Вообще-то я видел его и раньше, но только в кино. Году в 1963-м Юрий Вихорев устроил тайный показ документальной ленты «Art Blakey in Japan». С барабанщиком Артом Блейки играл молодой тенорист Уэйн Шортер, который произвел на меня неизгладимое, магическое впечатление. В его звуке была глубокая блюзовая тоска, которую я про себя окрестил «безнадегой». Эта безнадега соответствовала нашему мироощущению людей, загнанных в культурное подполье.
Я решил, что этот звук — мой путь. На обложках пластинок я находил потом знакомые очертания. Оказывается, Джон Колтрейн, Бен Уэбстер, Колман Хокинс, Лестер Янг — все они играли на «Otto Link». С годами у мундштука появлялись новые модификации, мне нужна была модель «Super Tone Master, Bell Metal», № 6 со звездой.
Серега Герасимов, точивший самодельные «отто-линки», рассказал мне, что секрет мундштука — в металле; его делают из колокольной бронзы по наработанным лекалам, полируют, а потом покрывают позолотой.
По каталогу моя мечта стоила 60 полноценных американских долларов. Цена имела для нас чисто теоретический интерес, поскольку советским гражданам нельзя было прикасаться к долларам под страхом тюрьмы (мой приятель, художник Эдик Мазур, сел на 8 лет) или смерти (знаменитое дело валютчиков Рокотова, Файбишенко и Яковлева, которых в 1961 году расстреляли по прямому приказу Хрущева).
Были, конечно, рисковые люди, «фарцовщики», у которых водилась валюта, но они орудовали в мутной воде, часто с согласия КГБ, позволявшего им шалости в обмен на откровенность. «Нет, — сказал я себе ленинской цитатой, — мы пойдем другим путем!»

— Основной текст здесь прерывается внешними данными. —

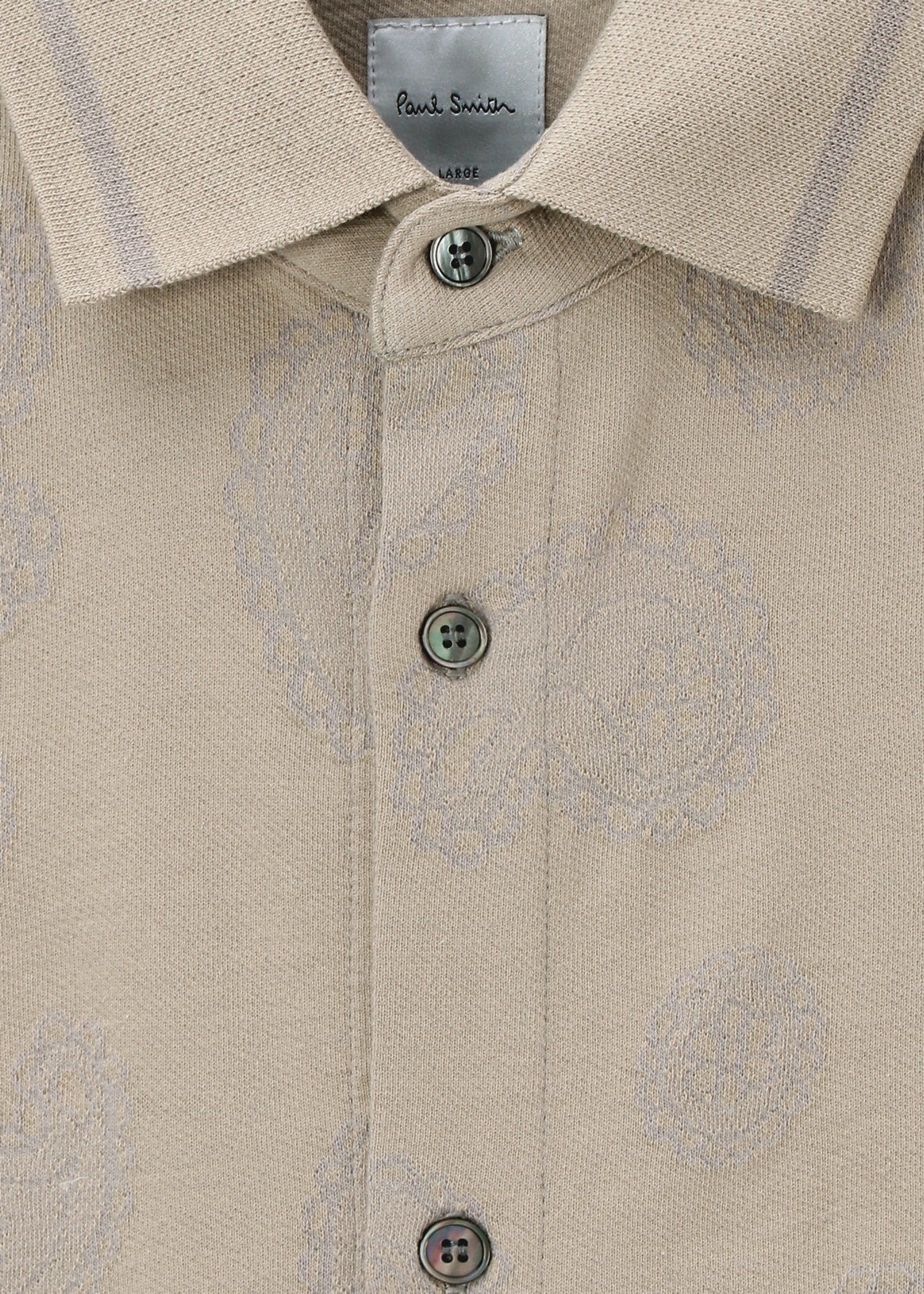 ペイズリージャカード オープンフロント ポロシャツ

В те годы поездка в СССР считалась на Западе чем-то экзотическим, только в Ленинград за год приезжало больше миллиона туристов. В горячие летние месяцы гидовпереводчиков катастрофически не хватало, поэтому в «Интуристе» шли даже на то, чтобы брать людей со стороны. Людей, конечно, хоть как-то проверенных и обученных. Для этого объявляли набор на зимние курсы.
В январе 1966 года я отправился в гостиницу «Европейская» сдавать экзамен по языку. На меня смотрели с любопытством и подозрением — что за птица, саксофонист какой-то из Ленконцерта. Но все же на курсы зачислили. Нам предстояло заниматься каждый день по 8 часов, с раннего утра, учить на английском 13 культурных объектов: экскурсия по городу (2 часа), Эрмитаж (4 часа), Русский музей, Петродворец, Павловск, Этнографический музей, Пискаревское кладбище, Музей истории религии и атеизма.

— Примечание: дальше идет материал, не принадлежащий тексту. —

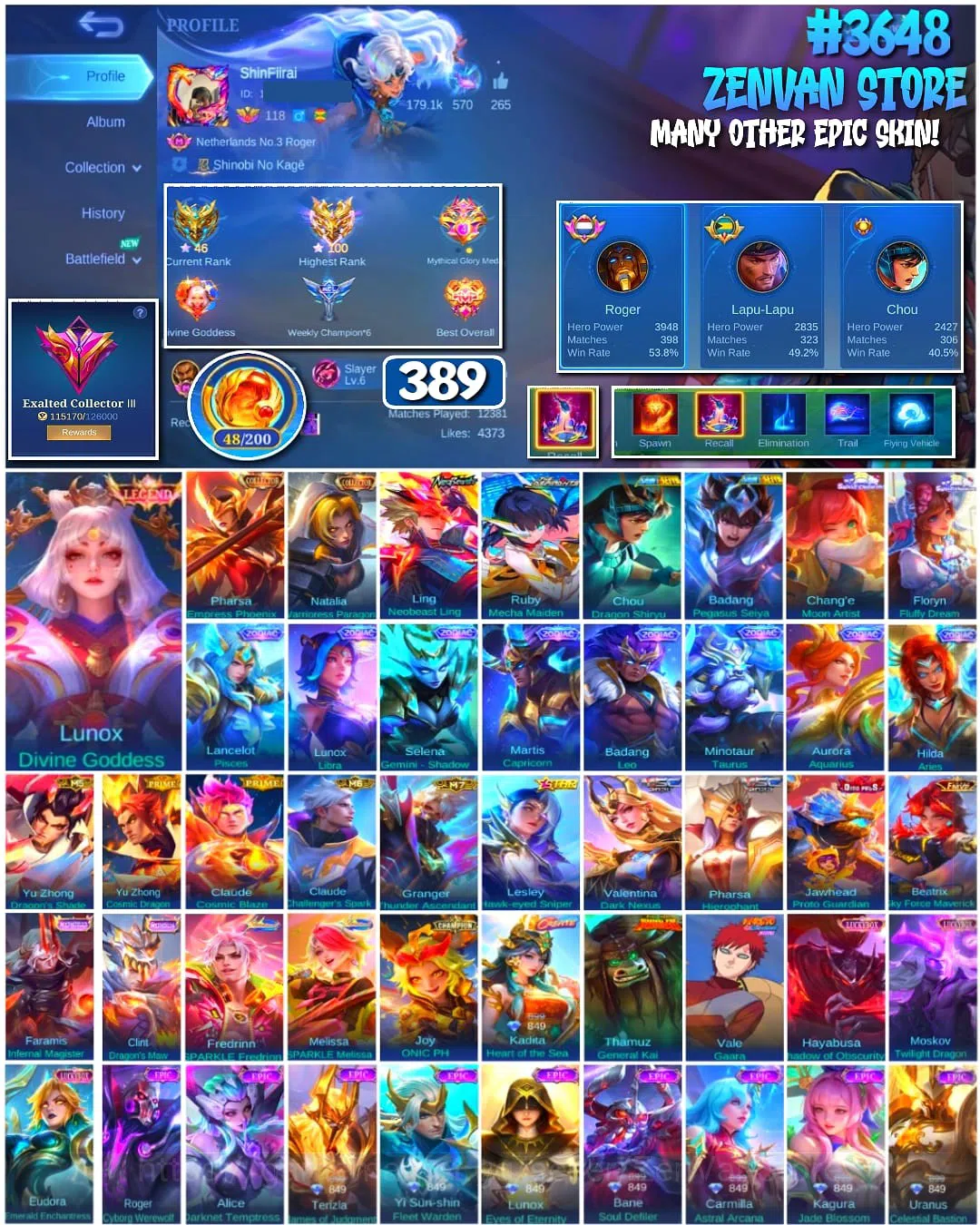 Mobile Legends: Bang Bang Accounts #3648 389 Skins | Legend Lunox | Collector Pharsa image 1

Когда иной бойкий журналист спрашивает, какое у меня любимое произведение искусства, я неизменно отвечаю: пятитонное мозаичное панно «Насильственное обрезание татарского пионера». Я познакомился с этим бессмертным творением в Музее религии и атеизма, который располагался в Казанском соборе на Невском. Музея этого теперь нет, и куда подевался выложенный из мозаики мой любимый пионер, я не знаю. Знаю и помню, что он храбро сражался за свою крайнюю плоть, на которую позарилась рука мусульманского фанатика с острым кинжалом.

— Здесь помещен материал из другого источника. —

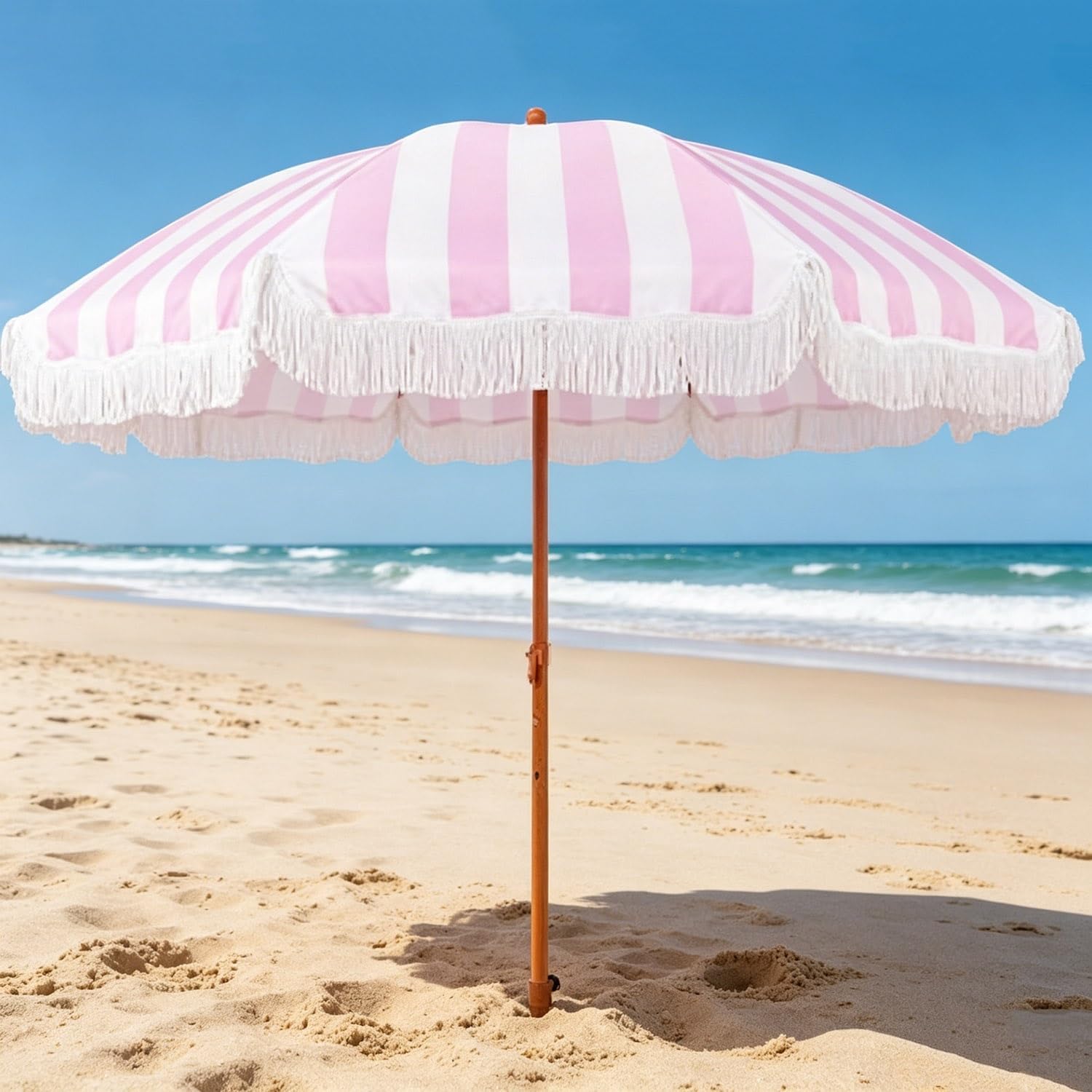 Sombrilla de Jardín Boho con Flecos de 200 cm, Parasol de Playa Toldo Portátil para Exteriores para Balcones, Piscinas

В те годы узнать о Боге можно было только из атеистических книг, где для разоблачения иногда приводили цитаты из Библии или жития святых отцов. Вся история СССР до 1943 года — это воинствующее безбожие. С 1922 года издавалась газета «Безбожник», появился Союз безбожников, который в 1925 году провел свой первый съезд. На втором съезде, в 1929 году, было утверждено название «Союз воинствующих безбожников», сокращенно СВБ СССР, с программой, уставом и членским эмалевым значком. Во главе СВБ стоял Емельян Ярославский (Миней Израилевич Губельман), с союзом активно сотрудничали Крупская, Луначарский, Скорцов-Степанов.
Из экскурсии в Разлив я узнал, что Владимир Ильич скрывался там от преследований Временного правительства. Летом 1917-го всплыли документы о финансовых связях большевиков с германской разведкой, Ленина называли «немецким шпионом», в партии стоял вопрос о явке его на суд. У нас всех в памяти свежа была висевшая всюду картина «Ленин в Разливе» (А. Рылов, 1934 год), на которой вождь мирового пролетариата сидит на берегу озера, у вечернего костра, в традиционном костюме-тройке, пальто внакидку и кепке. В руке блокнот. Пишет, думает — скорее всего о статье «Государство и революция», той самой статье, на которой я погорел в школе.